US Secretary of State Rex Tillerson is in the region for the second time to achieve a breakthrough in the dispute after Bahrain, Saudi Arabia, the UAE and Egypt severed their diplomatic and trade relations with Qatar on June 5 over accusations it supported extremists and funded terrorism.
Tillerson will attend the inaugural Coordination Council meeting between the governments of Saudi Arabia and Iraq and will seek to boost the landmark warming of relations between Riyadh and Baghdad following years of tension. He will also work on narrowing the gap between Saudi Arabia, Bahrain, the UAE and Egypt on one side and Qatar, his next stop, on the other, and bring the countries to the negotiations table.
Tillerson in July visited Saudi Arabia, Kuwait and Qatar in his bid to bring the parties involved in the standoff together and start a dialogue.
However, he came up short in his attempt to resolve the crisis, and at the end of his shuttle diplomacy efforts, he made no announcement of any incremental progress.
“I’m tired, I’m tired, been a long trip,” Tillerson was quoted as telling reporters as he left Doha, the last leg of his trip.
Three weeks later, Tillerson sent Tim Lenderking, deputy assistant secretary for Arabian Gulf Affairs in the Near East Bureau, and Retired General Anthony Zinni, a retired US Marine Corps general and a former commander-in-chief of the US Central Command (Centcom), to the Arabian Gulf in another attempt to help defuse the crisis.
Tillerson’s second direct attempt to liaise between the two sides will face formidable challenges as the Quartet have clearly indicated that Qatar first has to respond positively to the 13 conditions they set in June days after the dispute broke out.
As the US official resumes his diplomatic efforts, speculation in the region is mounting over whether the GCC annual summit scheduled for December will be held, delayed, cancelled or shifted to another venue.
Last week, Kuwait’s Emir Shaikh Sabah Al Ahmad Al Sabah paid a one-day visit to Saudi Arabia, where he and King Salman Bin Abdul Aziz discussed the latest developments in the region.
Then, Kuwait’s foreign minister held talks in Doha with Qatar’s Emir Shaikh Tamim Bin Hamad Al Thani.
No reference to the summit or the meeting was made by the official news agencies of the three countries in their accounts of the visit.
However, reports said Kuwait, which has been leading the mediations, was genuinely keen on holding the GCC summit that brings together the six leaders or their representatives.
However, as the GCC Secretariat General has not yet signalled that the summit will go ahead, speculation about its fate have been mounting inexorably.
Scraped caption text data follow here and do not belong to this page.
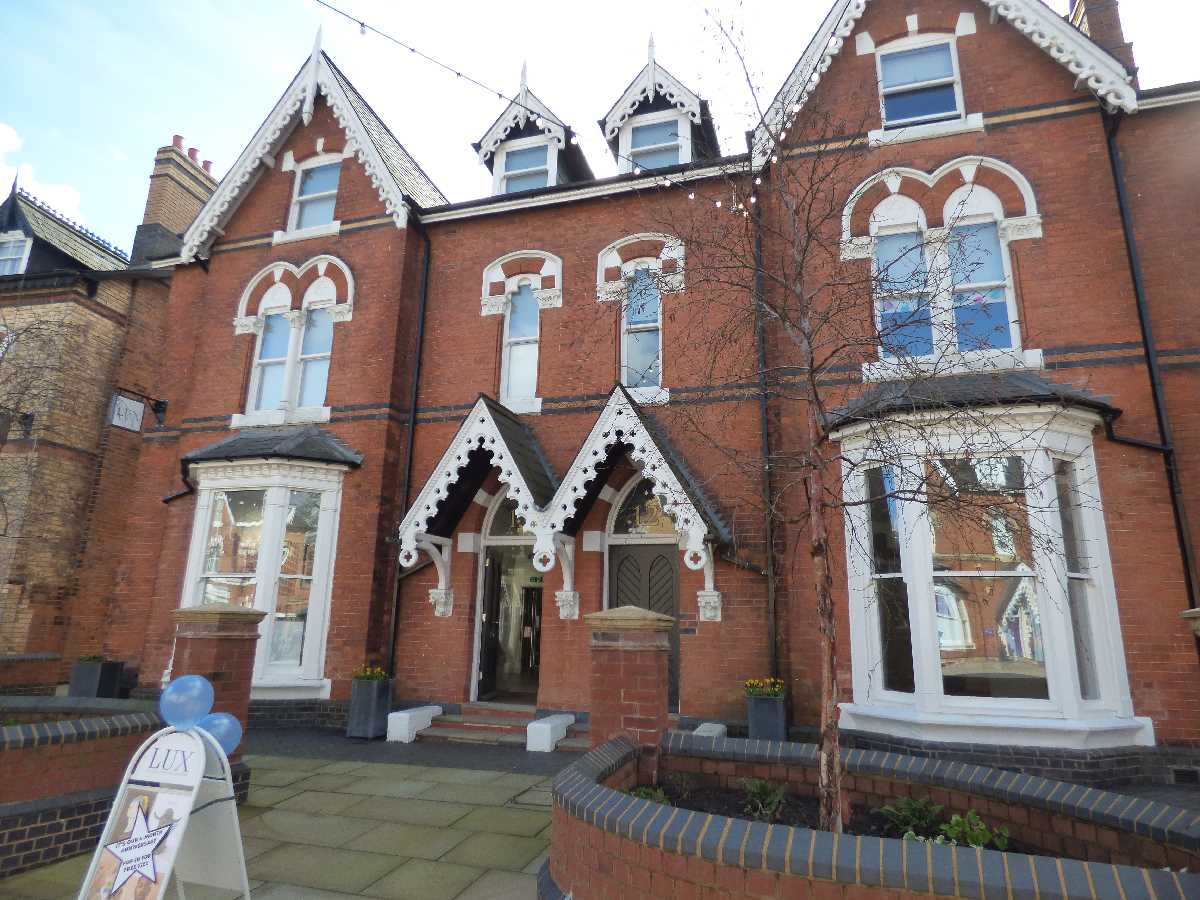 Lux+Gallery%2c+Edgbaston+Village+-+Art+with+community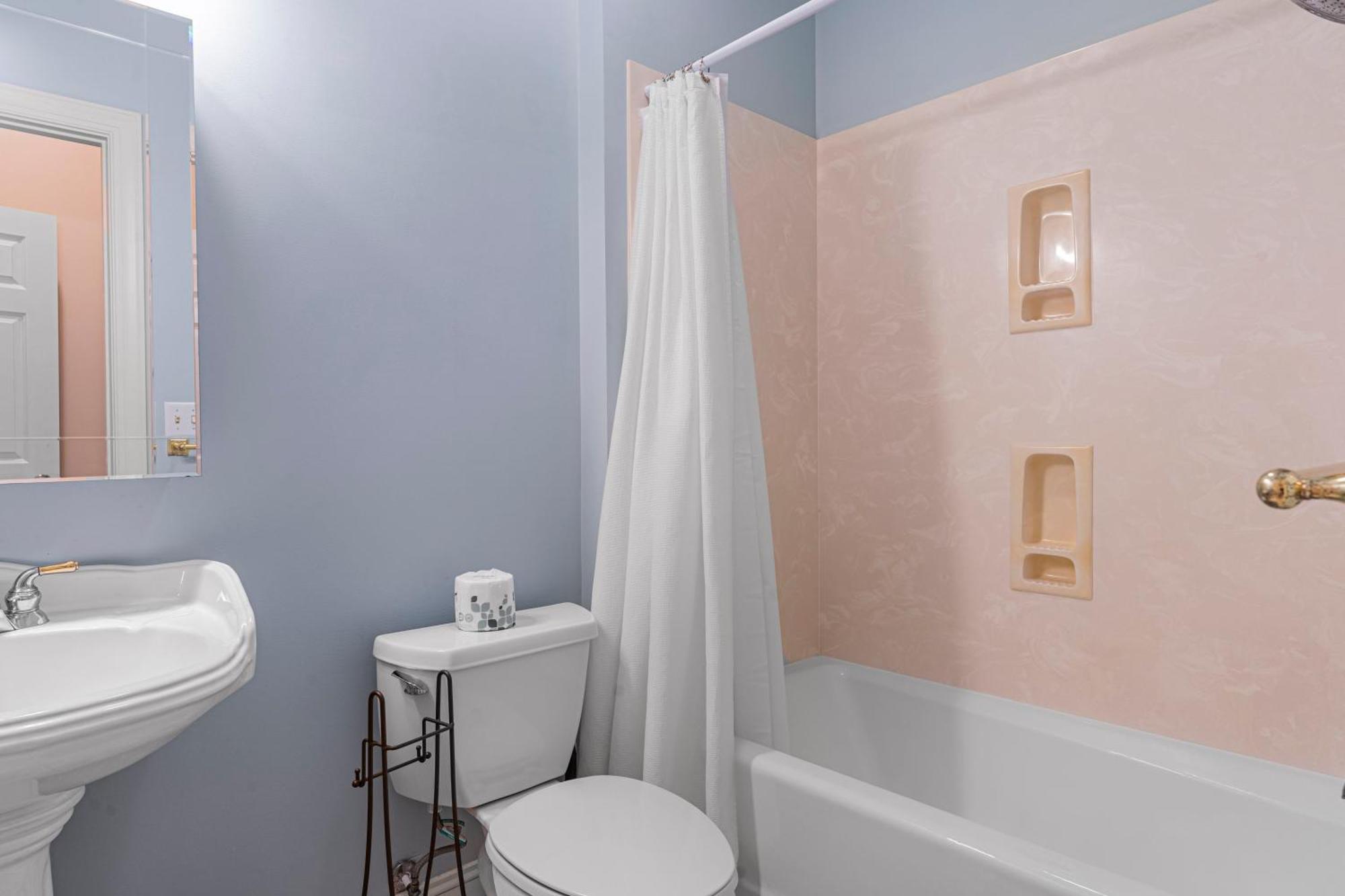 Private Pool - 5 Min Bike Ride To - 4 W Garrison Pl Holiday home *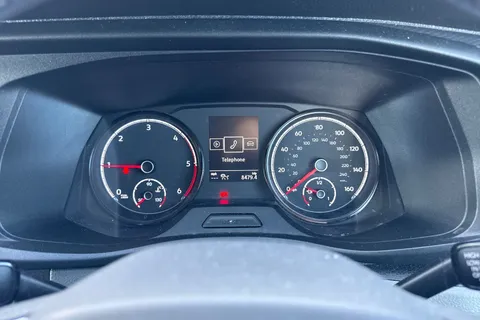 CX72NTE Volkswagen Transporter 2.0 TDI T30 Highline FWD SWB Euro 6 (s/s) 5dr Thumbnail #33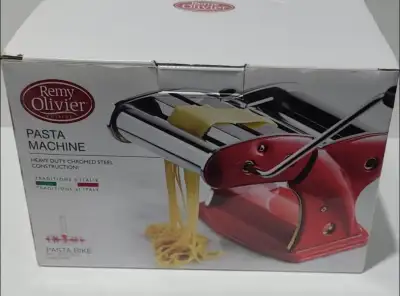 New Remy Olivier Pasta Machine Red, View more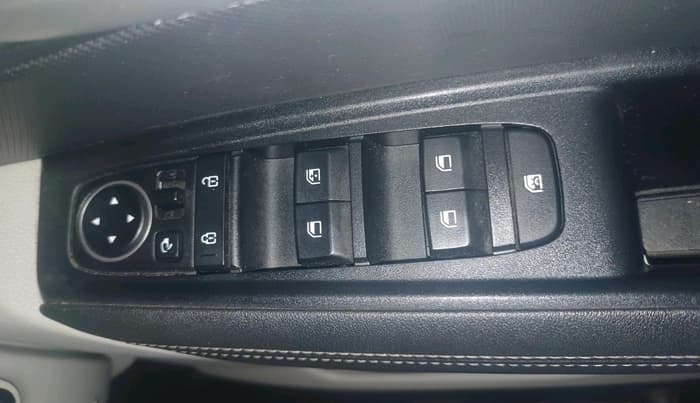 2023 KIA SONET HTX 1.5 AT, Diesel, Automatic, 42,000 km, interior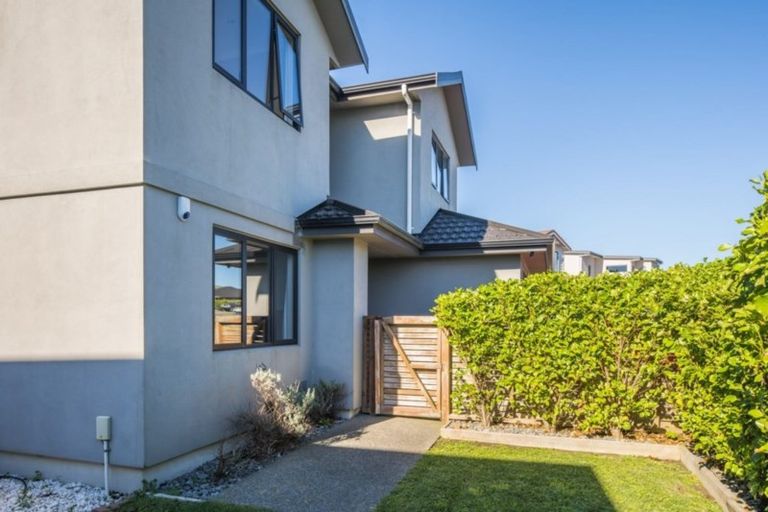 Photo of property in 14 Aoraki Rise, Aotea, Porirua, 5024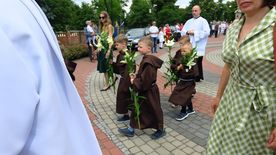 Procesja ulicami Rybnika z figurą świętego Antoniego - patrona miasta. 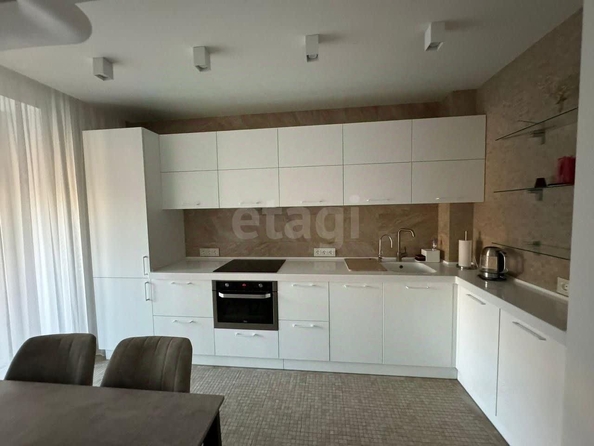 
  Сдается 2-комн. квартира, 55.5 м², Декабристов ул, д. 41
. Фото 4.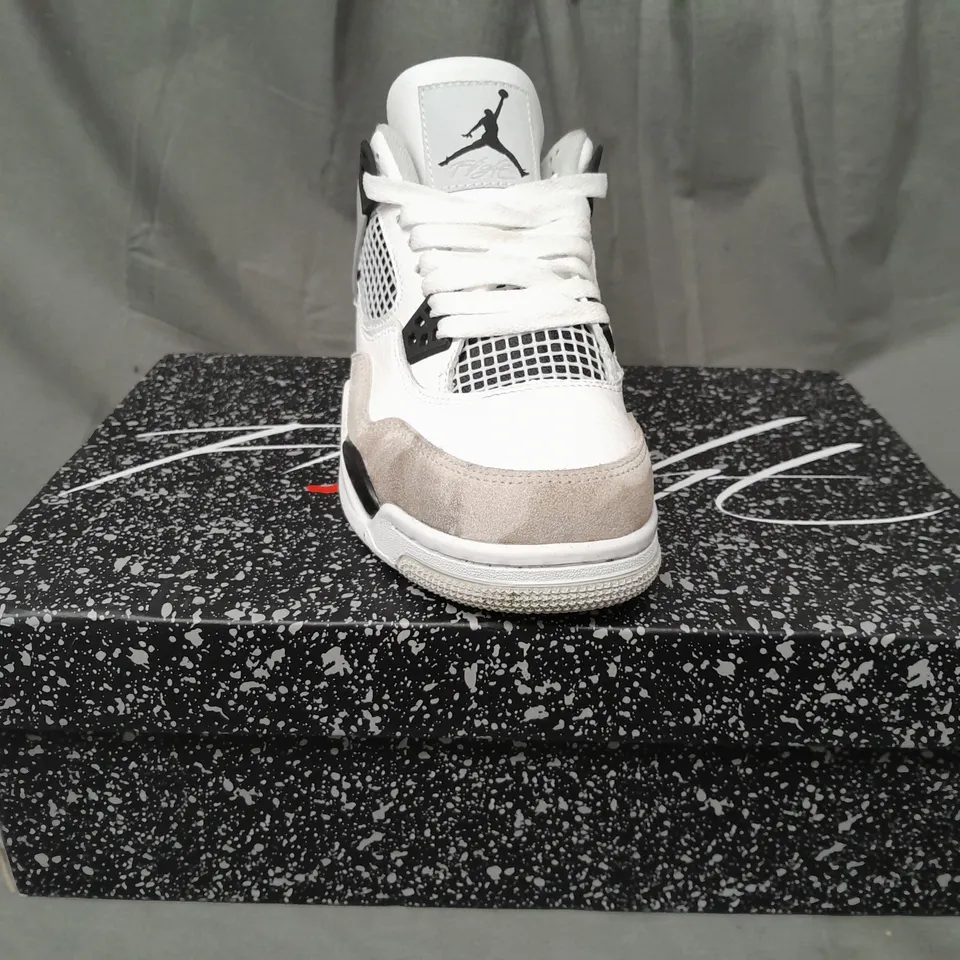 BOXED PAIR OF NIKE AIR JORDAN SHOES IN WHITE/BLACK UK SIZE 5.5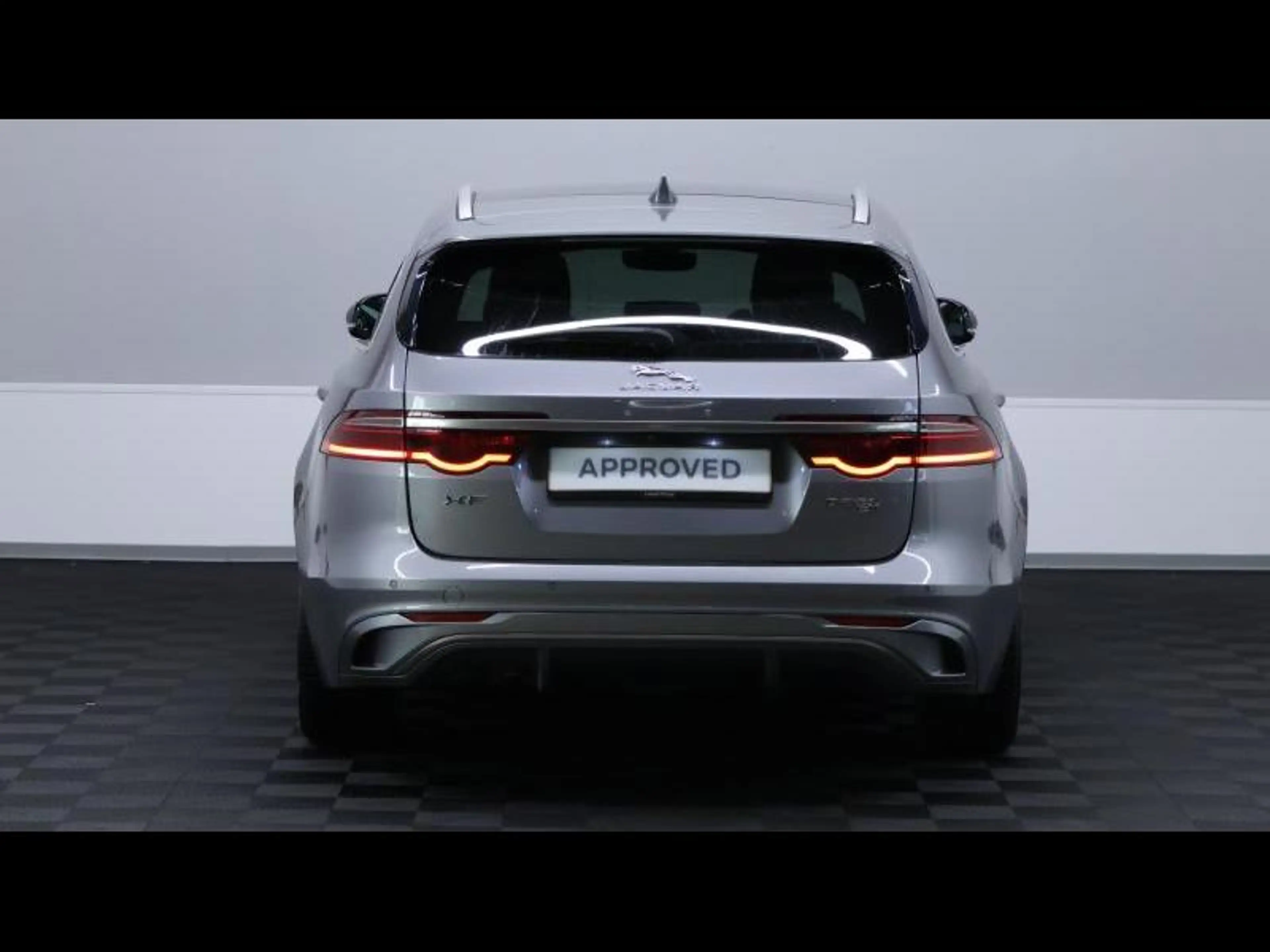 Jaguar XF D200 R-DYNAMIC SE AWD AUTO — photo 6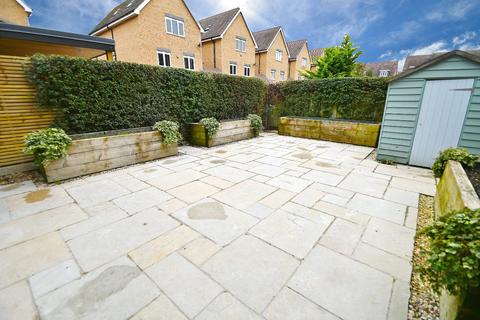 9 Chadwick Road, Slough, SL3 7FT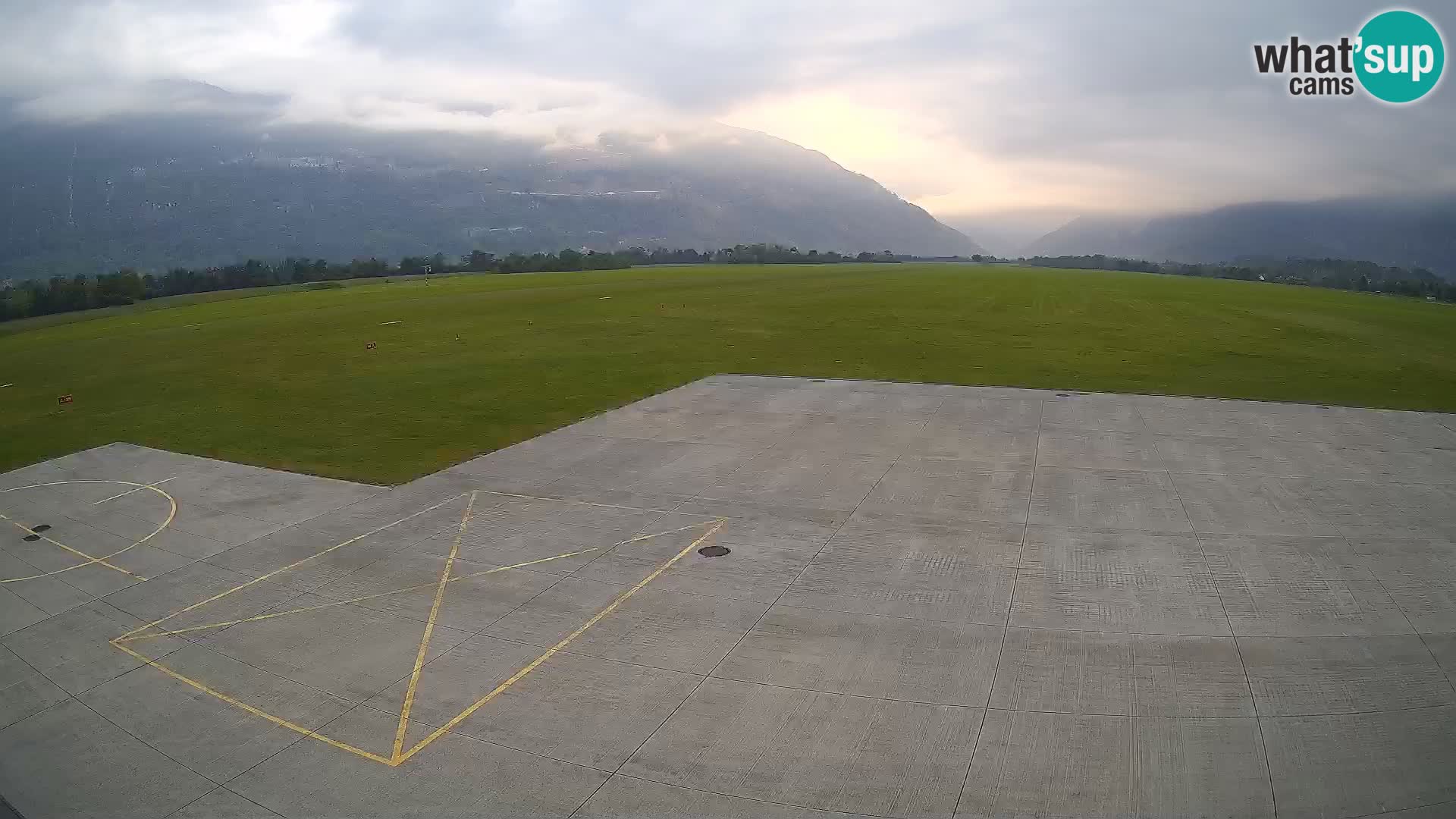 Bovec spletna kamera letališče – Skydive Bovec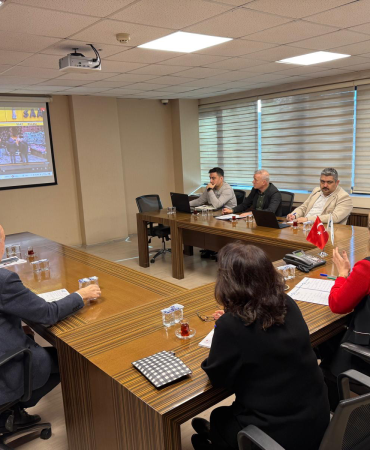 fatma-baskandan-esnafa-net-uyari-kaldirimlar-kamu-alanidir-20251230-200311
Kuwaiti daily Al Seyassah yesterday quoted local diplomatic sources as saying that “despite the countdown, the fate of the summit had not been decided yet.”
The daily said Kuwait was opposed to shifting the venue of the summit to Saudi Arabia or the UAE, and to not inviting Qatar to attend.
“The Kuwaiti mediation is working on proposals that cannot be divulged now particularly that some media and social media are working on undermining all attempts to fix the situation or to find a settlement for the crisis,” the diplomatic sources said, without elaborating.